Também o Conselho Nacional de Justiça (CNJ) é desrespeitado por esses PLs, prossegue a campanha, com base na Resolução nº 510/2023, que criou as Comissões de Soluções de Conflitos Fundiários em âmbito nacional e regional e traçou diretrizes para a realização de um cumprimento mais humanizado das medidas de remoção compulsória.
“Muito longe de ser um crime, a luta por moradia digna é necessária e legítima no contexto brasileiro”, afirma. “Diante da ausência de condições para comprar um imóvel regularizado e da insuficiência das políticas públicas habitacionais, grande parte da população brasileira se vê obrigada a ocupar um terreno para garantir um lugar para morar e a sua sobrevivência”, argumenta.

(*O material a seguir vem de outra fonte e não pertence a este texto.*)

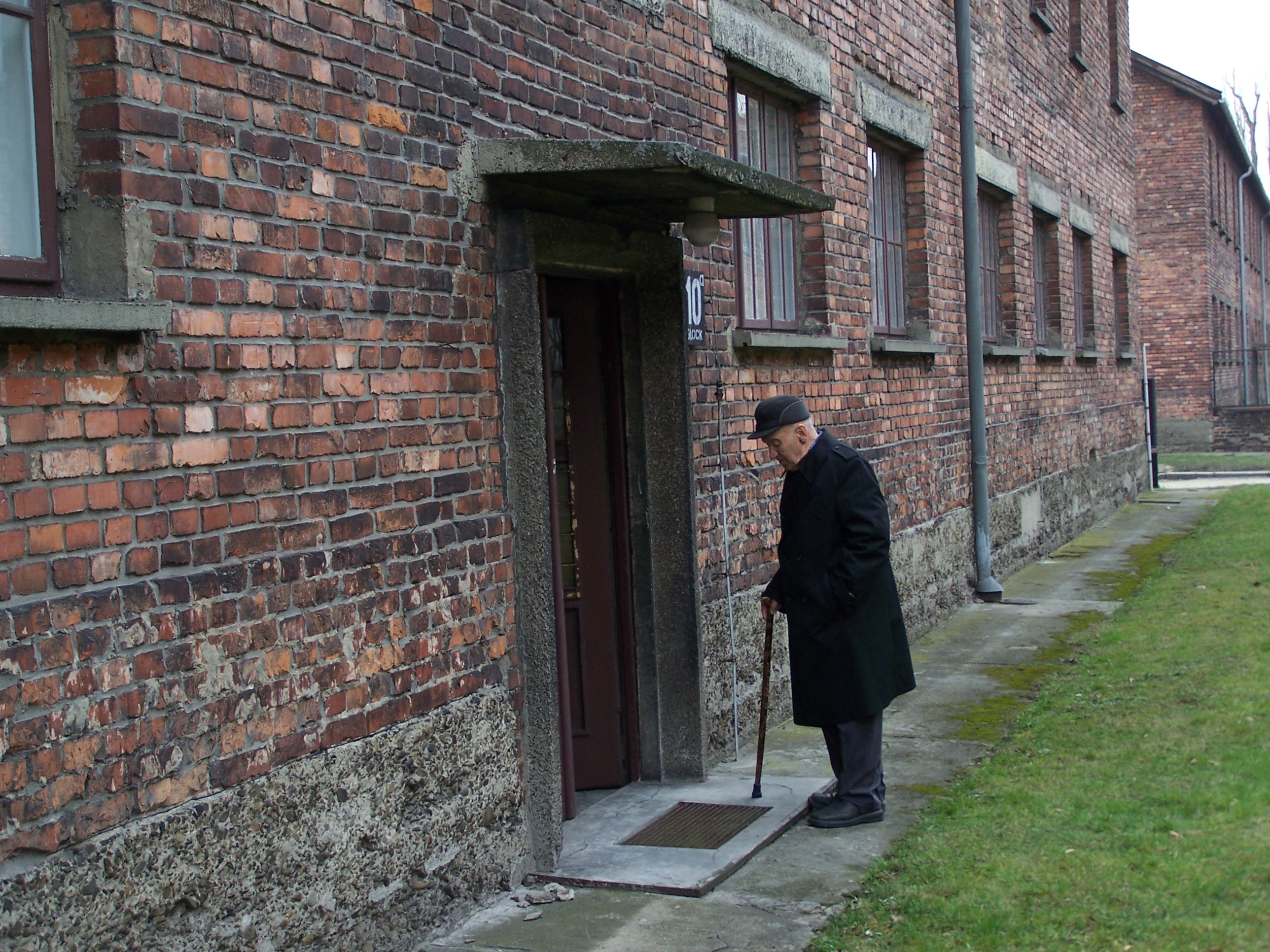 Po latach... przed Blokiem Nr 10 w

É também uma dinâmica que, historicamente, faz parte do desenvolvimento das cidades. “Em todas as cidades do país, bairros inteiros foram formados a partir de ocupações. A título de exemplo, de acordo com um dado apresentado pelo Instituto Jones dos Santos Neves (IJSN), no ano de 1994, os loteamentos ilegais representavam 49,42% da área urbana do município de Vitória”.
Outro dado importante sobre a legitimidade ainda da luta por moradia no Espírito Santo, também trazido pelo IJSN, vem do CadÚnico de 2021, quando o déficit habitacional no Espírito Santo era de 102 mil famílias, acrescenta a campanha. “Esse total representa 20% do total de pessoas cadastradas no CadÚnico. Essas famílias que possuem gastos excessivos com aluguel, vivem em situação de coabitação ou em domicílios precários e improvisados também estão a um passo de terem que recorrer a ocupações para garantir a sua moradia”.